James Hardesty Critchfield (January 30, 1917 – April 22, 2003) was an officer of the US Central Intelligence Agency who rose to become the chief of its Near East and South Asia division. He also served as the CIA's national intelligence officer for energy in the 1970s and after he retired in 1974, he became an energy policy consultant in the Middle East, serving such clients as Sultan Qaboos of Oman. Critchfield served as the president of a Honeywell, Inc. subsidiary called Tetra Tech International.

==Biography==
Born in Hunter, North Dakota to a doctor and a schoolteacher, he attended North Dakota State University, participating in its ROTC program and graduating in 1939. His younger brother, Richard Critchfield, was a journalist and essayist who wrote primarily about villages in the developing world. James served in the United States Army in World War II, first in North Africa and up through Europe, where he was one of the youngest Colonels, leading the 2nd Battalion of 141st Infantry of the 36th Infantry Division. He was awarded the Bronze Star twice, and the Silver Star for gallantry in resisting a German assault on December 12, 1944.

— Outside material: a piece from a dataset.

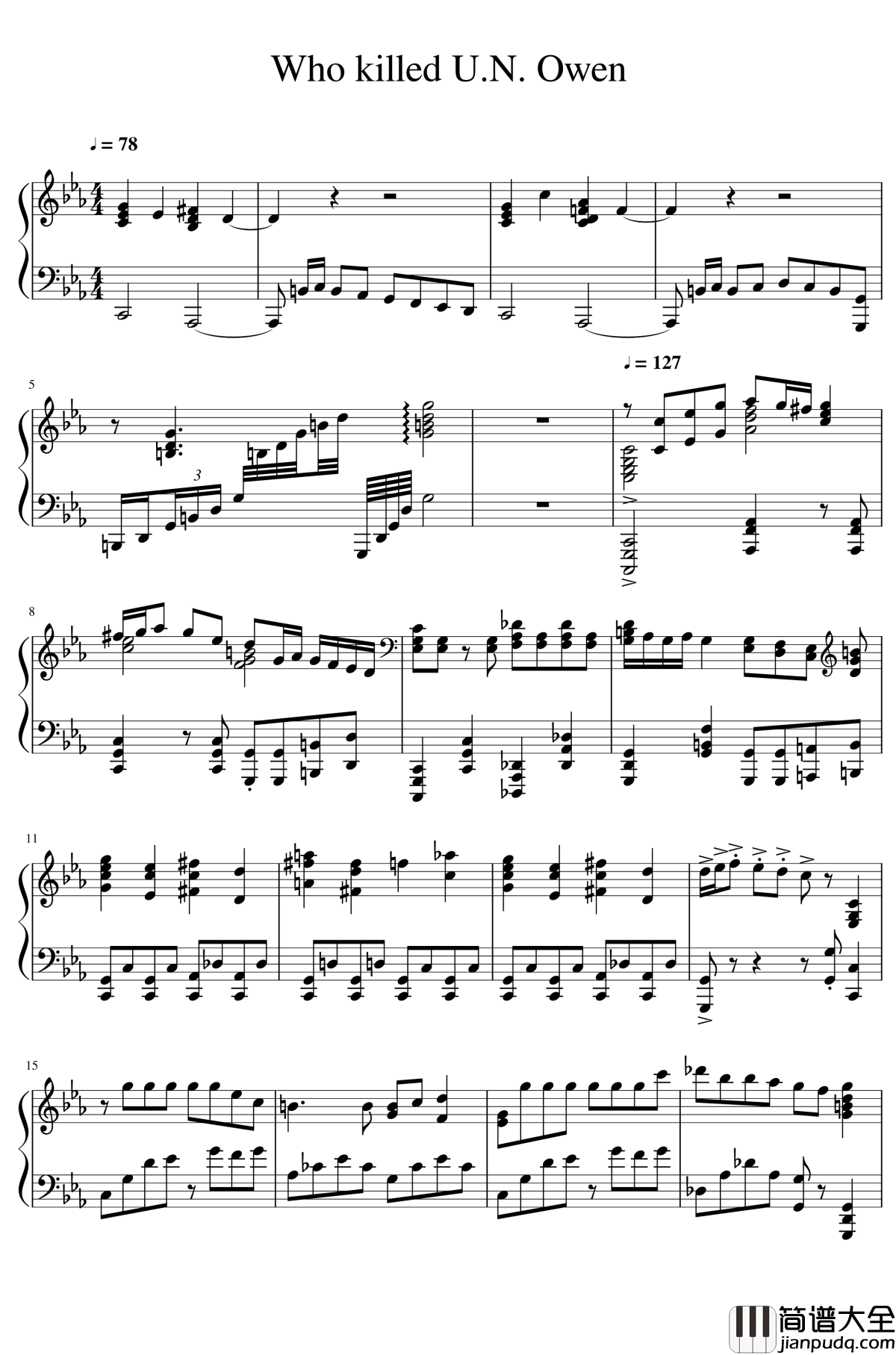 Who_Killed_U.N._Owen钢琴谱_东方同人音乐_东方project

Critchfield joined the Central Intelligence Agency (CIA) in 1948. He was tasked with gathering information about the Soviet Union from Reinhard Gehlen and his Gehlen Organization, the successor to the intelligence agencies of Nazi Germany. This work, which led to the creation of the post-war West German intelligence apparatus, came to include the use of Nazi war criminals.

Critchfield defended his actions when the Nazi War Crimes Disclosure Act made it public knowledge, disputing that Gehlen himself was a war criminal but admitting to a Washington Post reporter that "there's no doubt that the CIA got carried away with recruiting some pretty bad people".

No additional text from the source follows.